Why We Have Billions in Flood Data (But You Still Can’t Find It)
At a minimum, you should be able to look at a map and know if you are standing in a flood zone.
It sounds simple. We have spent billions of tax dollars scanning the entire surface of the United States down to centimeter accuracy. We have thousands of stream gauges monitoring water levels every 15 minutes. Yet, when a flash flood hits, most people are caught completely off guard.
Why? Because the data is stuck in the “tap water” phase—it’s there, it keeps you alive, but it isn’t packaged for consumption.

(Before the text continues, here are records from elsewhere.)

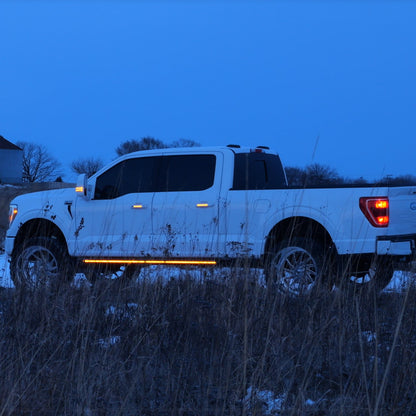ION Series LED Door Handles | 2021-2026 Ford F-150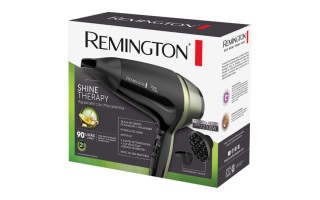 Secador de Pelo Remington Shine Therapy D13A 2300W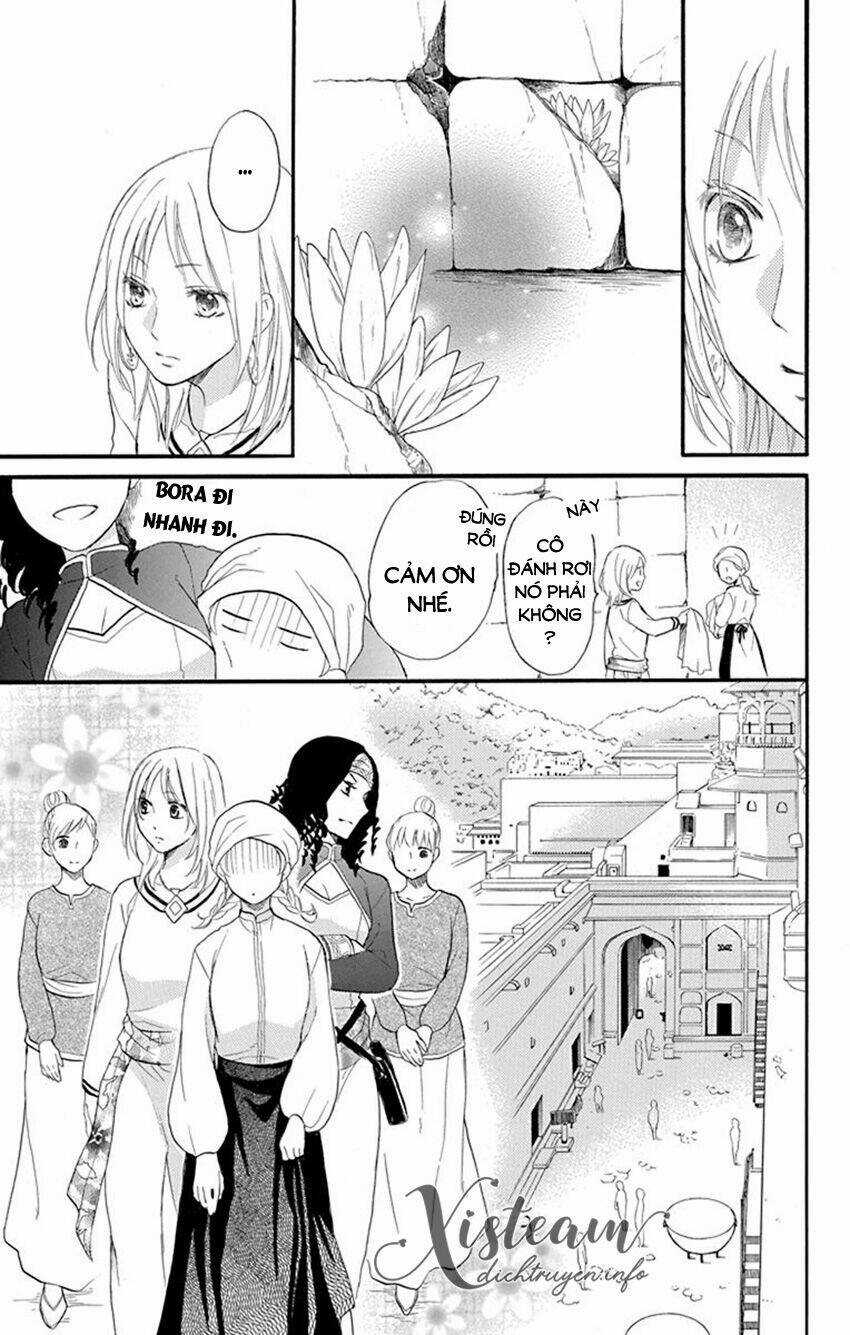 Sabaku No Harem - Chapter 36 - Trang 17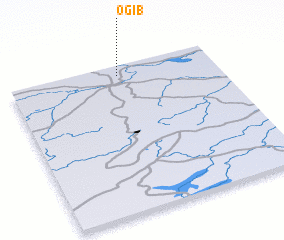 3d view of Ogib\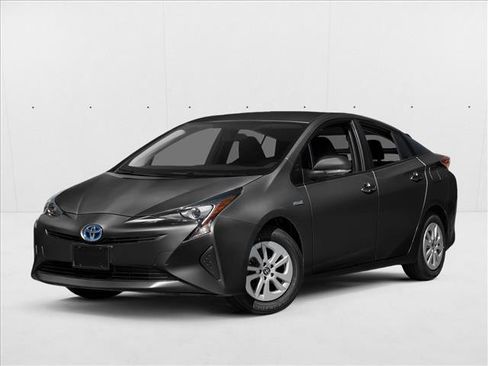 Used 2017 Toyota Prius Two w/ Prius Two Safety Plus Package FWD image 1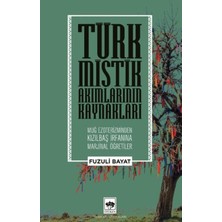 Egecen Türk Mistik Akımlarının Kaynakları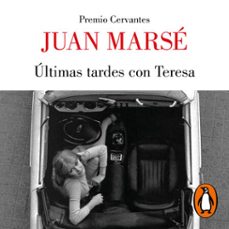 últimas tardes con teresa-juan marse-9788426408136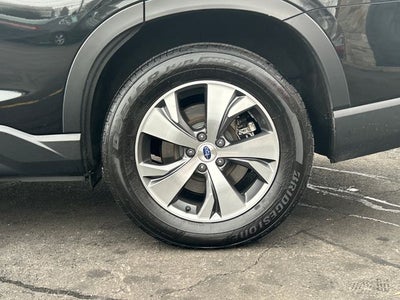 2022 Subaru Ascent Premium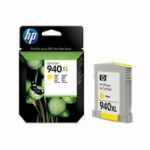 HP CARTOUCHE JET D'ENCRE JAUNE 940XL C4909AE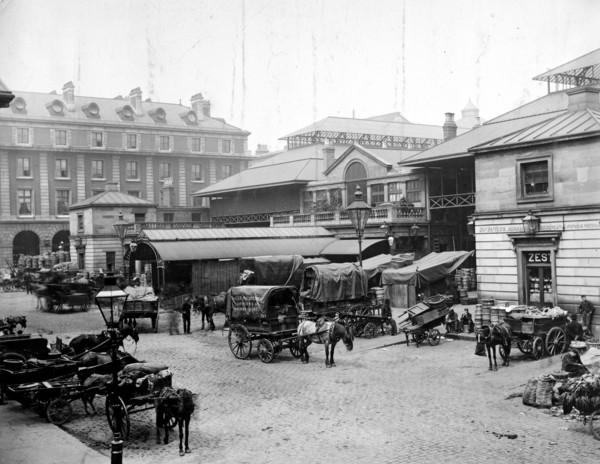 Covent Garden, Westminster, London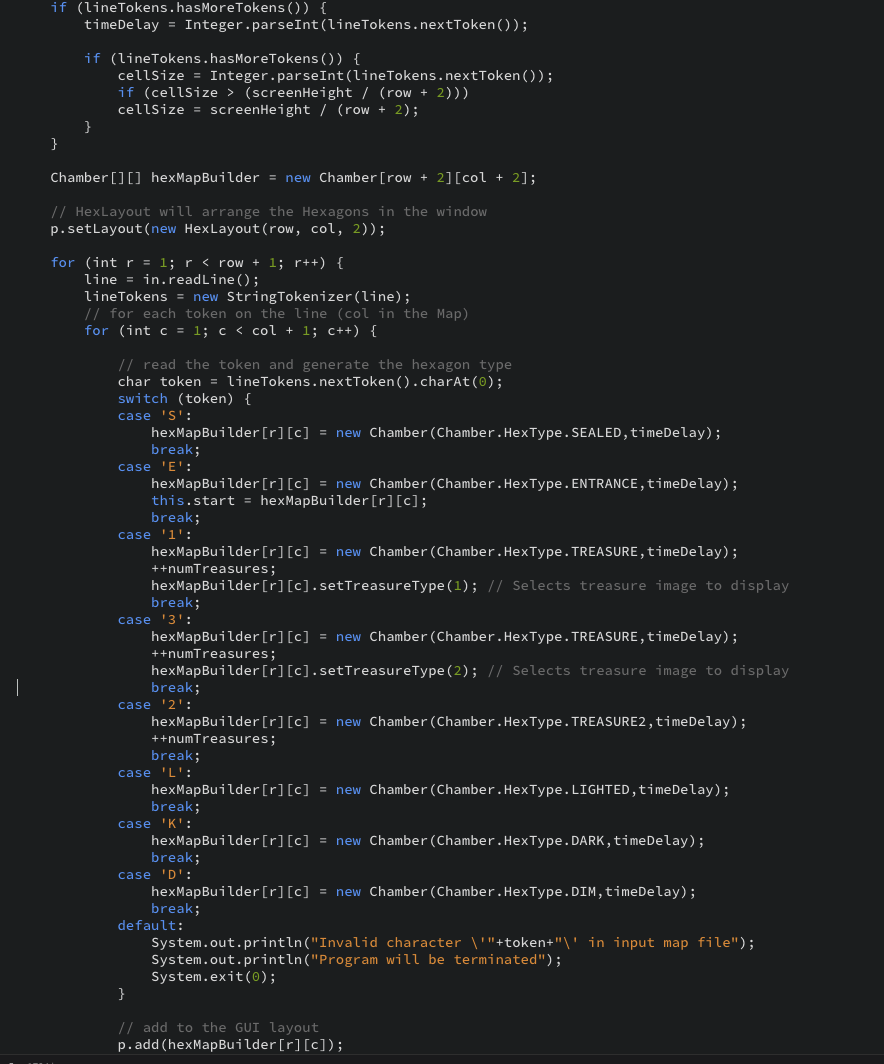 Solved FindPath.java This class contains the code needed to | Chegg.com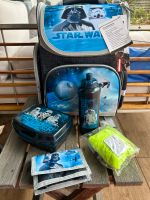 NEU — Schulranzen Schultasche Star Wars mit XXL Zubehör Bayern - Burgthann  Vorschau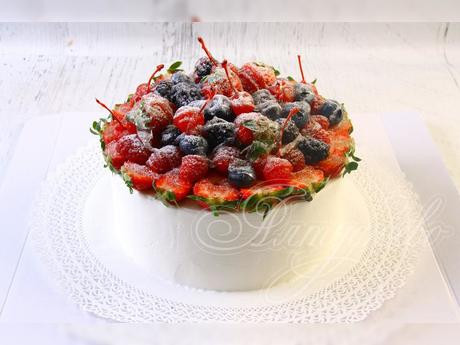 Торт для любимой
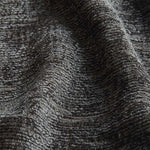 Madrid Ottoman Storage Box - Charcoal Chenille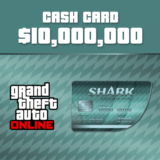 ✅GTA Online: платежная карта «Мегалодон» (PS4™)✅ПСН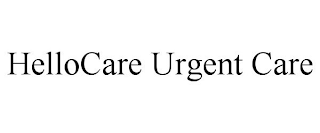 HELLOCARE URGENT CARE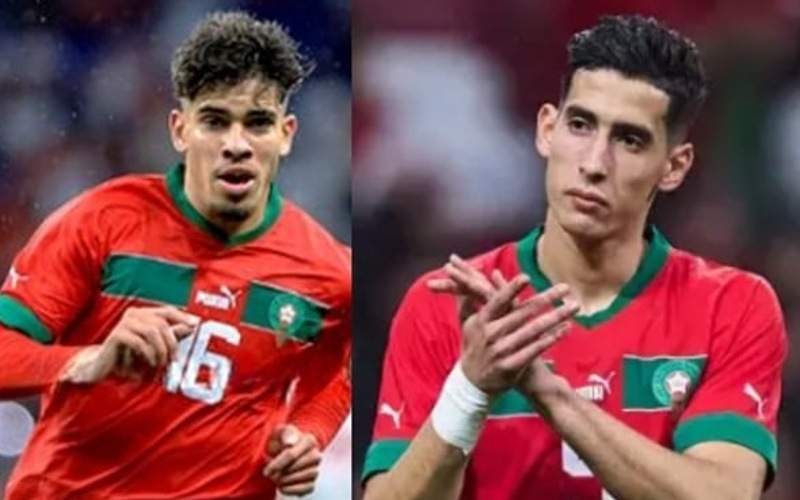 وهبي يستبدل أكرد والزلزولي في القائمة النهائية للمنتخب المغربي بالمونديال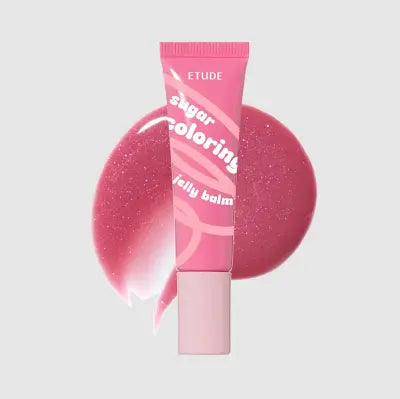 ETUDE Sugar Coloring Jelly Balm #9 9g (MBS) 1Box (6ea)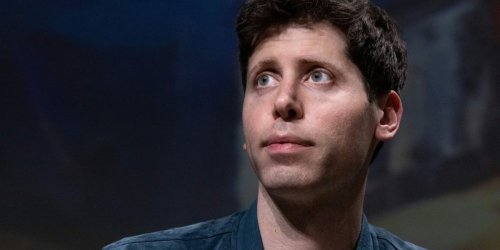 Sam Altman’s A.I.-busting crypto token Worldcoin is live. All you have to do is scan your eyeball
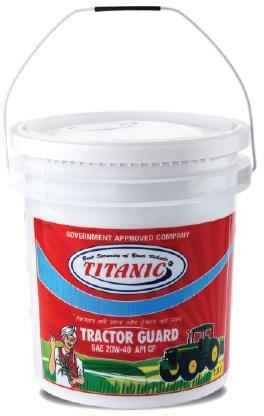 SAE 20W-40 API CF Tractor Oil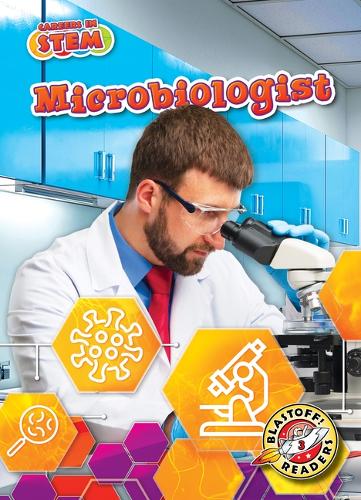 [object Object] «Microbiologist», автор Ліза Оуінгс - фото №1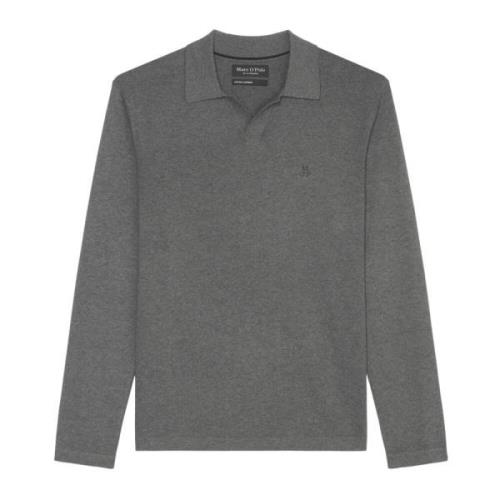 NorHeren polo hals trui Marc O'Polo , Gray , Heren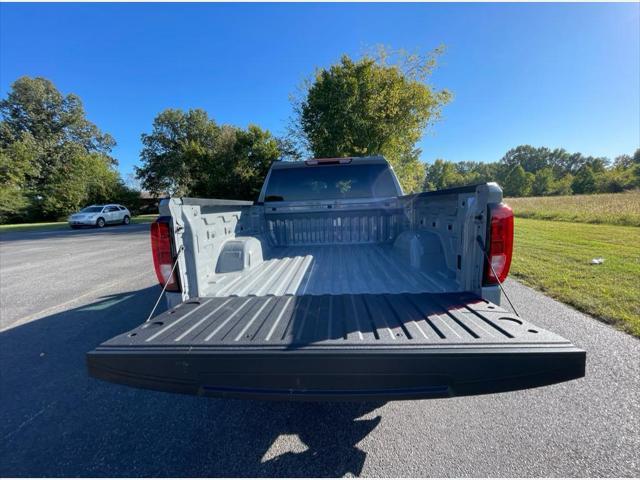 new 2025 GMC Sierra 1500 car, priced at $51,210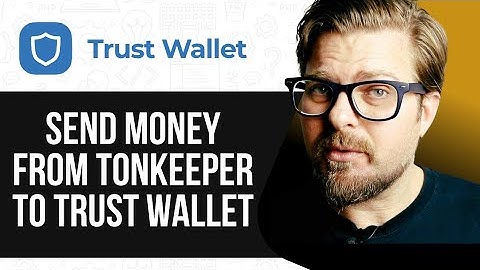 How To Send Money From Tonkeeper To Trust Wallet -2025 |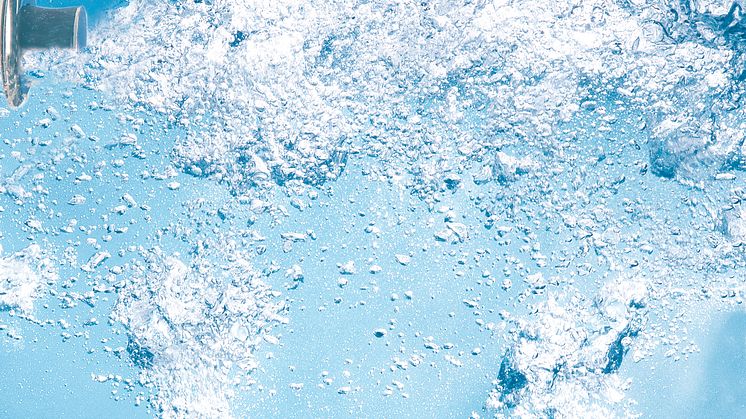 Bubbelbad förebygger stress och har en lugnande effekt 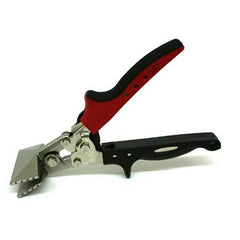 Malco Tools S2R Hand Seamer Redline 3 Inch with Carbon Steel Jaws  | Midwest Supply Us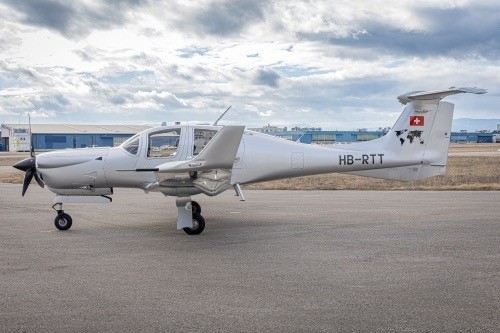 2021 Diamond DA50, photo 3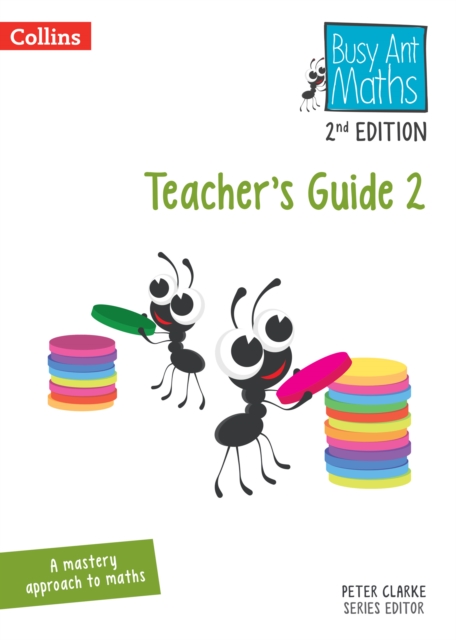 Teacher’s Guide 2, Paperback / softback Book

In this episode, Kevin Bullock explains how he turned a frustration with fragmented government data into Hydra Atlas, a mobile app that acts as a personal flood safety tool.
Key Takeaways
1. The “Accessibility Gap” is a Business Model Data availability does not equal data accessibility. Kevin notes that while FEMA, NOAA, and the USGS produce incredible datasets, they are often siloed. You might check a weather app for rain, a FEMA map for insurance zones, and a USGS site for river levels. Aggregating these into a single view is where the real value lies.
2. The “Tap Water” vs. “Bottled Water” Analogy Kevin compares government open data to tap water: it’s free (or cheap), functional, and essential. Commercial data is “bottled water”—it’s the same core product, but refined, packaged, and sold for a premium (better UI, smoother animations). There is room for both, but the public “tap water” needs to be easier to drink.
3. Real Estate vs. Real Life Most flood data is geared toward property value (insurance rates, Zillow scores). But flood risk is a mobile problem. You need to know your risk when you are camping in a dry riverbed or driving through an unfamiliar town not just when you are buying a house.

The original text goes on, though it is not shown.